While the update sets off noting that its resolution should “not be misinterpreted or misused by attributing violence, such as mass shootings, to violent video game use” and criticizing the media for popularizing these notions throughout the past two years of (in particular) gun violence, it then goes on to spend the next two pages asserting that “the link between violent video game exposure and aggressive behavior is one of the most studied and best established” and that “all existing quantitative reviews of the violent video game literature have found a direct association between violent video game use and aggressive outcomes.” If you’re blinking right now in confusion, having read many papers and studies that say precisely the opposite, that could be because the newest study cited is, bizarrely, from as long ago as 2013, suggesting that even the update is already far out of date with modern research.

Multiple academics have already pointed out some of the flaws in the update.

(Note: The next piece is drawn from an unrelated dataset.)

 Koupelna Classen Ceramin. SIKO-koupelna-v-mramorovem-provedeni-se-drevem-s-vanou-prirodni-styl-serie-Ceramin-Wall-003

Dr Rachel Kowert – you’ll recall her as one of the academics behind The Video Game Debate research and panels – penned a long thread pointing out that the update to the resolution fails to illuminate some of the methodological problems that have plagued aggression research. For example, one of the ways “aggression” has been measured for the purpose of some of the older studies is by having participants give hot sauce to people who hate hot sauce after playing competitive games, which is absurd on its face. “This release is very similar to 2005 despite the fact 10 years have passed,” she concludes. “I’m happy to see some progress in noting that violence is a complex issue [but] it is still far from reflecting the state of the research and scholarly consensus in an accurate way.”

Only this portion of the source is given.